The scope of the project itself has expanded beyond a simple road construction, compounding the timeline. According to Diwas, the road access is intrinsically tied to a master development plan that must address the entire cemetery property rather than just an isolated corridor. The city had initially hoped to alleviate pressure on the current site by establishing a new cemetery elsewhere, but attempts to find alternative land have been completely unsuccessful. The inability to acquire fresh property means the city must focus on redeveloping the current, heavily congested site, making any internal modifications highly sensitive and complex.
Efforts to engage in land banking for a new burial ground have yielded no results despite ongoing property searches. Local authorities have scouted locations in areas like Barangay Loakan, but such attempts have consistently faced stiff opposition from local residents who object to having a cemetery established near their homes. He said that because no space has been identified to absorb the city's burial needs, the local government is forced to work exclusively within the saturated confines of the existing cemetery, severely limiting their operational flexibility and stalling the road project.
Also, Baguio councilor Peter Fianza recalled that the initial concept focused on building a road along the outer perimeter of the cemetery to serve as a sanitary buffer between local residents, referred to as the day dreamers, and the burial grounds. The perimeter road was intended to hit multiple targets by satisfying national sanitation code requirements, providing access for residents and the jail facility, and blocking the cemetery from the immediate view of nearby homes.
The planned access road will affect some 300 tombs.
Diwas said that the City Planning Office (CPDO) was the one who presented the road plan, deviating entirely from that original concept. Instead of tracing the perimeter to create a buffer, the new proposal depicts a road that cuts directly through the cemetery grounds.
Diwas pointed out that it represents a completely fresh and unexpected approach that abandons the initial perimeter exploration. The drastic shift in layout means that previous discussions regarding a standard five-meter or twenty-five-meter perimeter buffer zone are no longer applicable to the current planning trajectory.
Compounding the design change are severe geographical challenges that make the perimeter route technically unfeasible. Findings from the City Engineering Office (CEO) revealed that the topography of the terrain directly between the residential area and the cemetery is extremely steep. The rugged terrain prevents engineers from simply utilizing the perimeter zone for a standard road, forcing planners back to the drawing board and highlighting why the current proposal threatens to disrupt the existing graves within the cemetery itself.

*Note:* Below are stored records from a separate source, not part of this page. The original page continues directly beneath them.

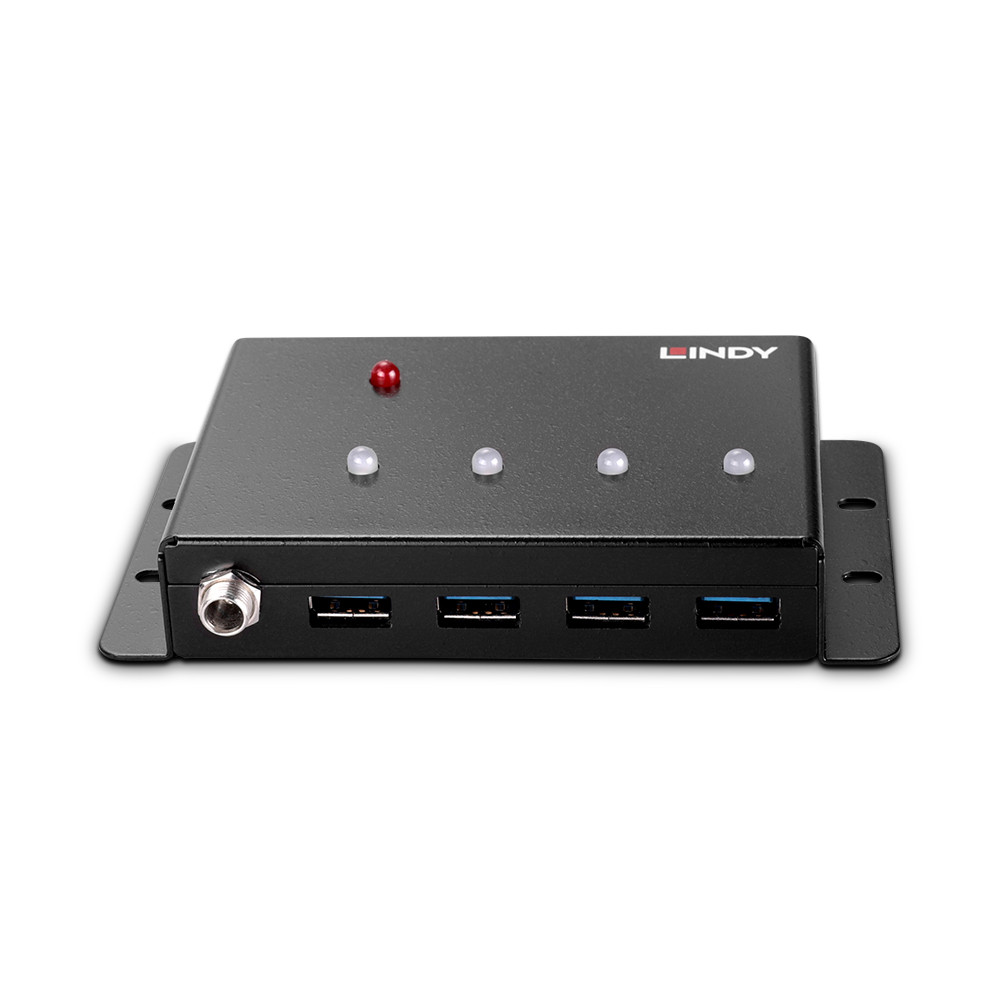 USB Hub - LINDY 4 Prievadų USB 3.0 Metalinis Hub 5Gbps su Montavimo Laikikliais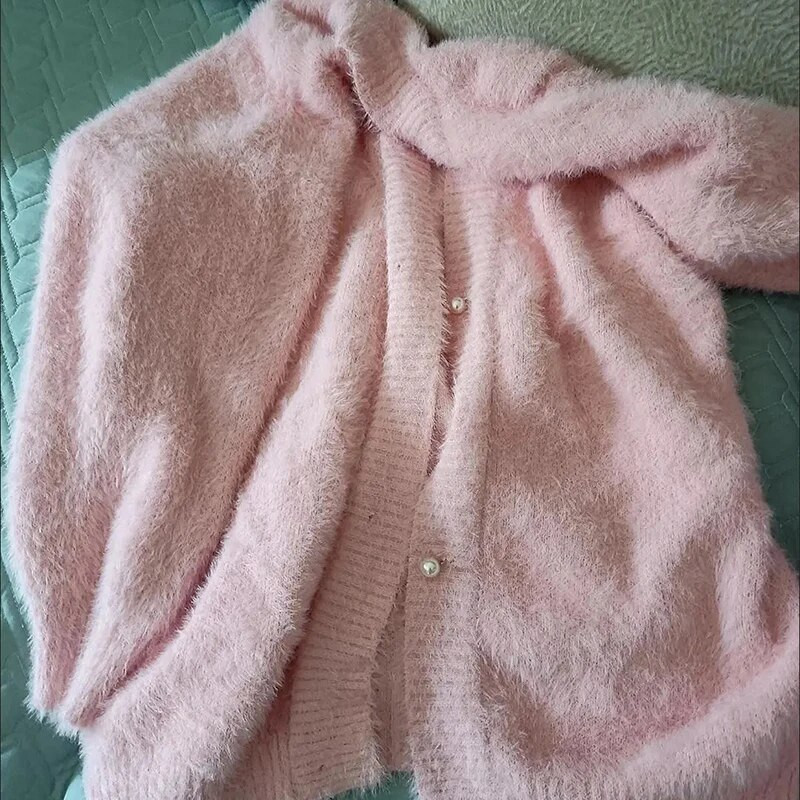 Jesen Zima Jednoredno kopčanje od imitacije minka od baršuna Pleteni kardigan Elegantni biserni gumbi Ženska odjeća Korejski džemper kaputi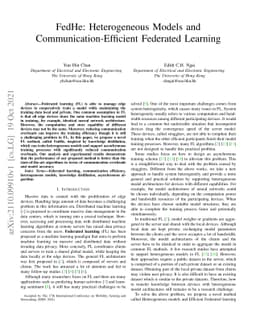 FedHe: Heterogeneous Models and Communication-Efficient Federated
  Learning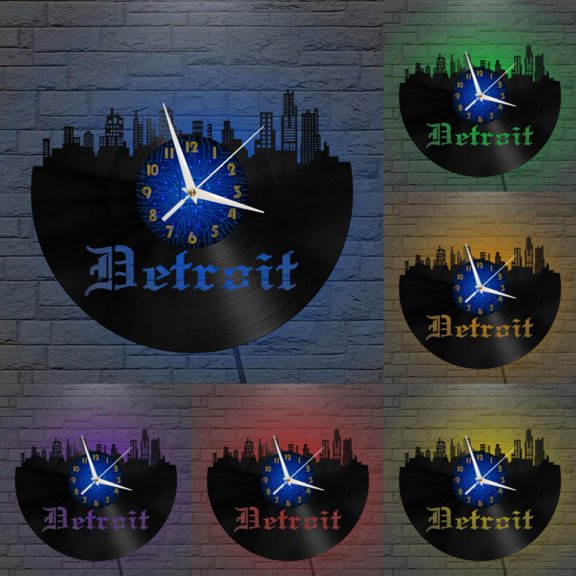 Detroit Cityscape 12 Inch Vinyl Record Wall Clock - Silent, Creative, and Unique Clock for Living Room, Entryway, or Bedroom Decor - Perfect Gift Idea(12 inchs B with LED)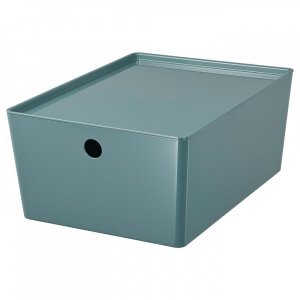 Крышка ящика для хранения ИКЕА КУГГИС бирюзовый 26х35х15 см IKEA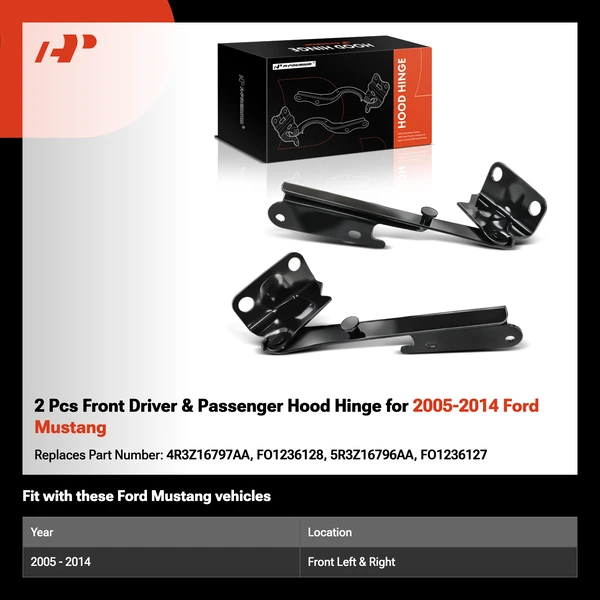 2 Pcs Front Driver & Passenger Hood Hinge for 2005-2014 Ford Mustang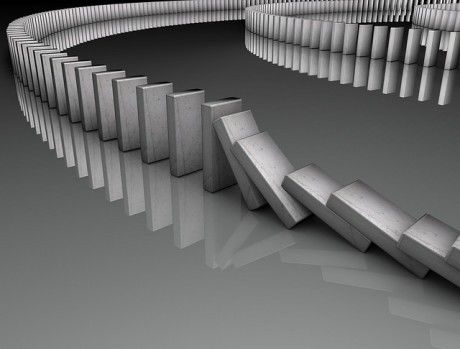 Click to enlarge dominoes falling, economic collapse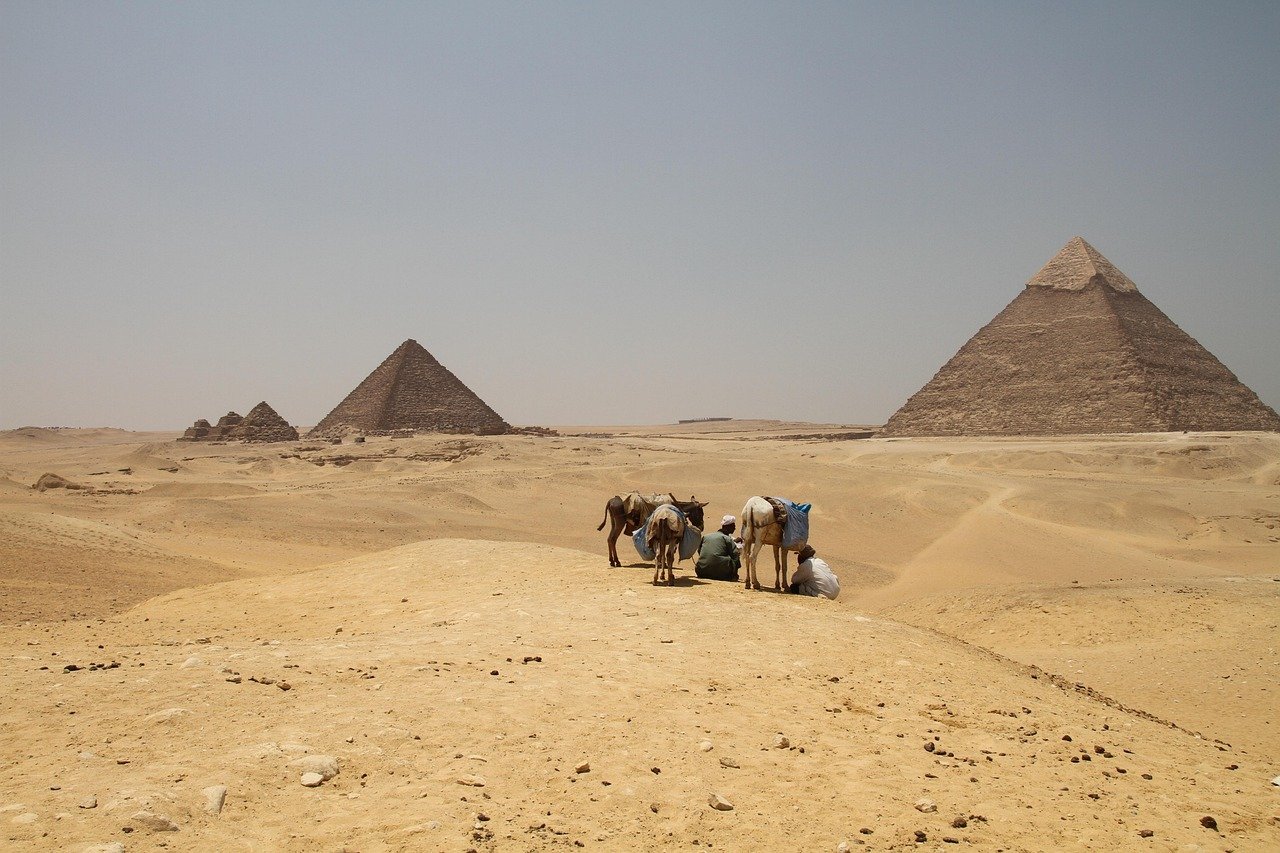 Cairo Egypt ancient desert pyramid sunset landscape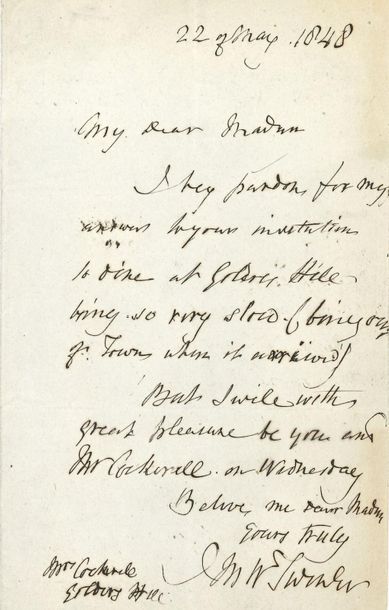 null *Joseph Mallord William TURNER (1775-1851). L.A.S., 22 mai 1848, à Mrs Charles...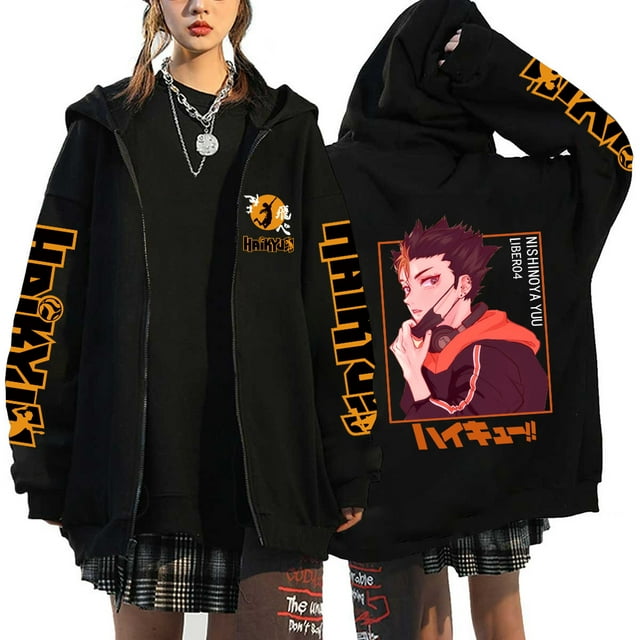 Anime Hoodie Zip Up Jacket Karasuno Plus Size Sweatshirt Harajuku Unisex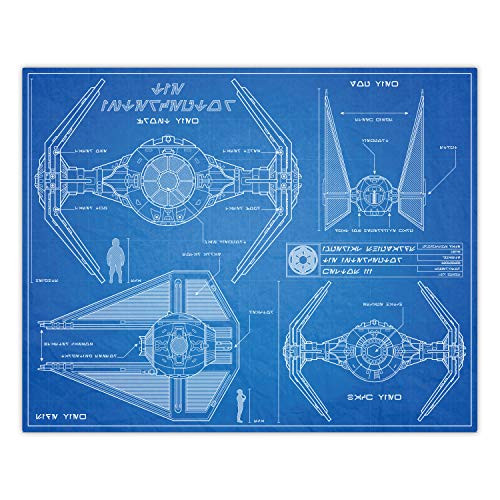 Star Wars Tie Interceptor - Blueprint Style Print - 8x10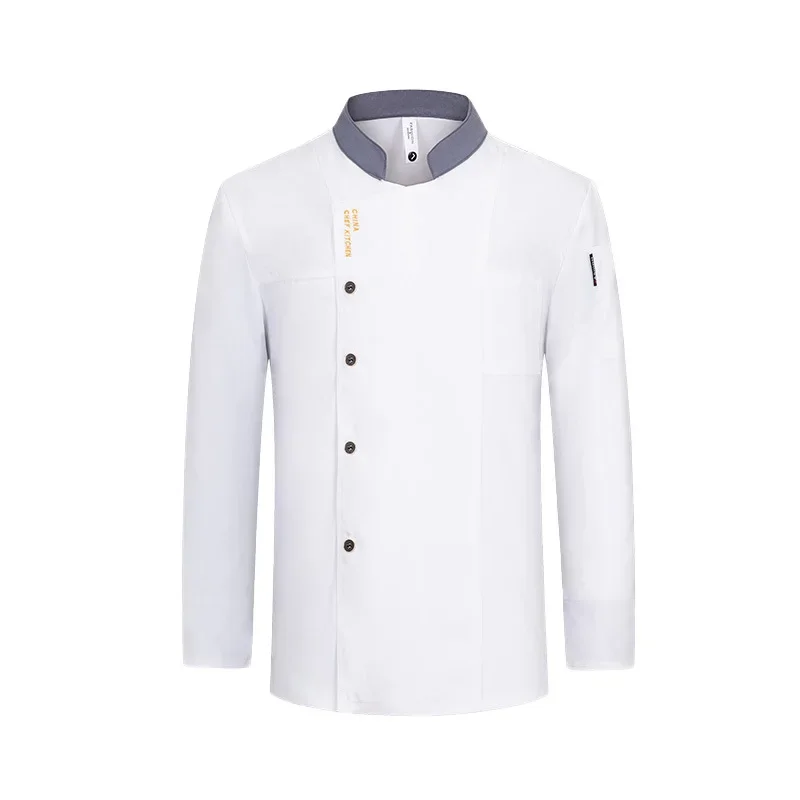 Long Sleeve Chef Clothes Uniform Restaurant Kitchen Cooking Chef Coat Waiter Work Jackets Professional Uniform Overalls Outfit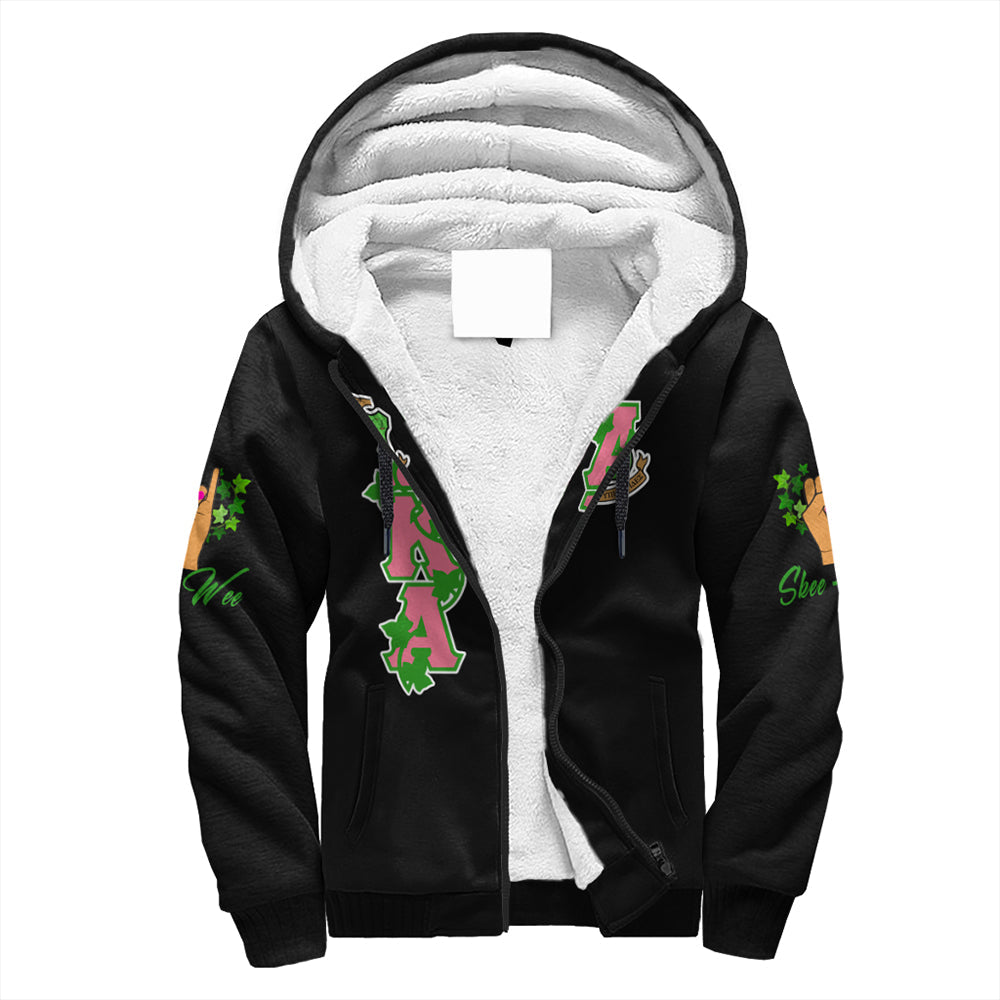 ( Custom Personalized ) Alpha Kappa Alpha Mirror Sherpa Hoodie T09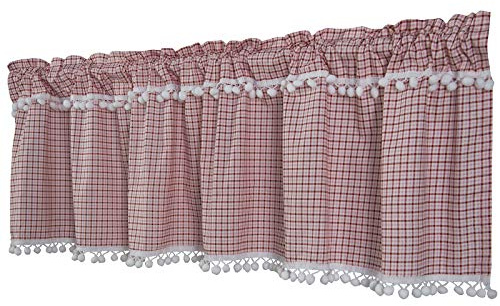 Dreamskull Scheibengardine Bistrogardine Landhaus Kurz Küche Modern Blickdicht Kurzstores Gardinen Kurzgardinen Küchengardine Stangendurchzug Kariert Karo 150 cm Breit Kleinfenster (Rosa)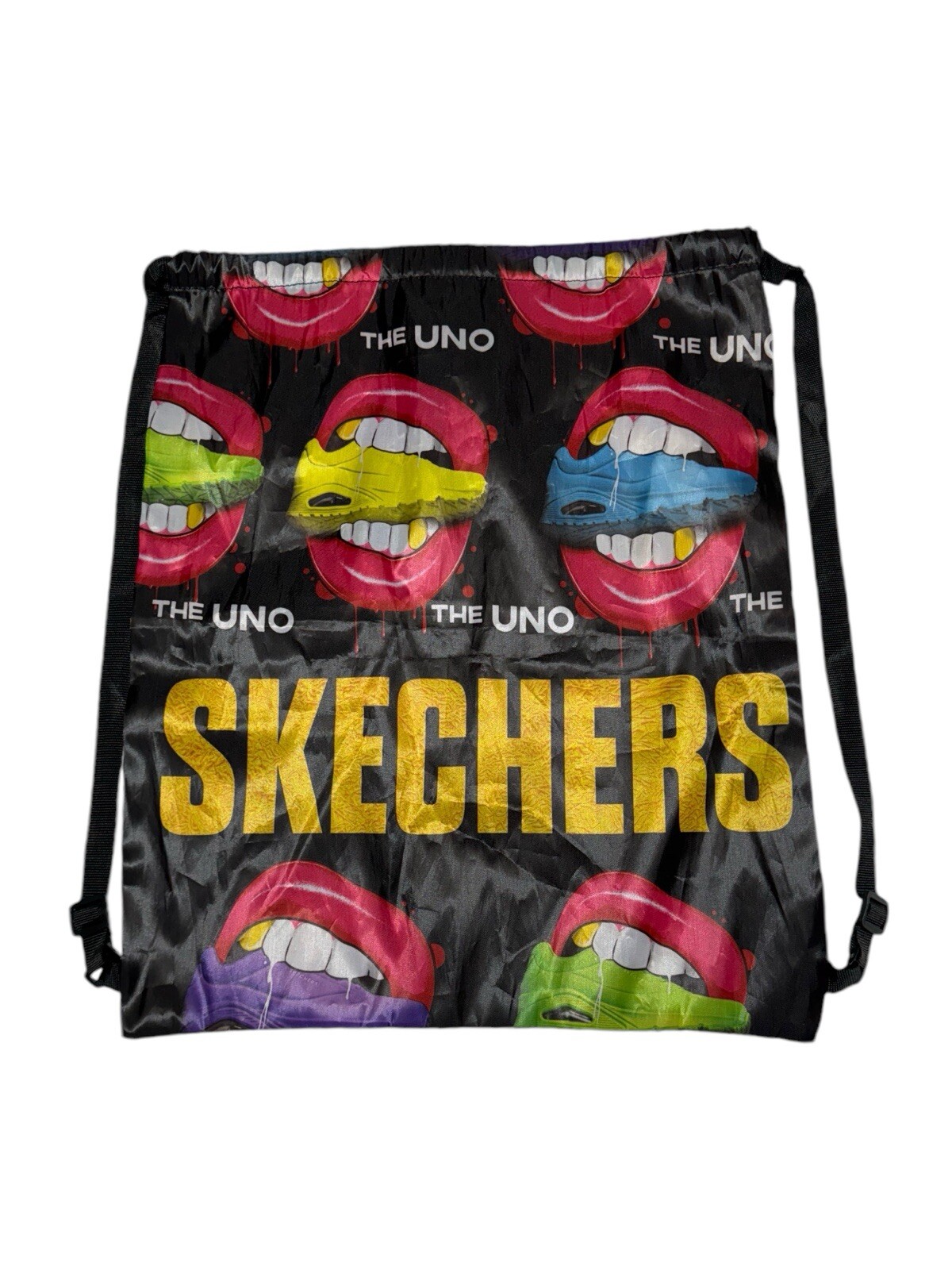 Skechers Shoes The Uno Mouth Teeth Nylon Backpack Tote Knapsack Bag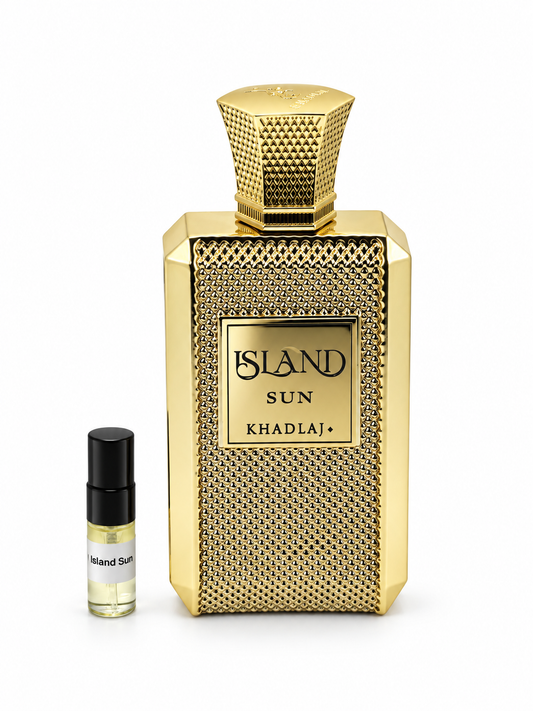 Khadlaj Island Sun fragrance bottle and black-capped sample vial on white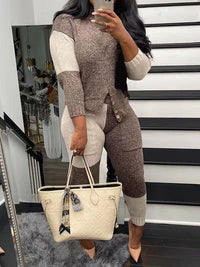Indiebeautie Two-Tone Knit Top & Pants Set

Acknowledging that the issue needs time to be resolved, the city council has called for a comprehensive reset of the planning process. Baguio City Vice Mayor Faustino Olowan directed the technical teams and relevant offices to sit down, harmonize their plans, and conduct mandatory consultations with all affected residents and stakeholders within a twenty-day window. He emphasized that resolving these spatial and community disputes is the absolute first step, as the city cannot even begin to discuss or allocate funding for the road until a consensus is reached on a viable, legally cleared route.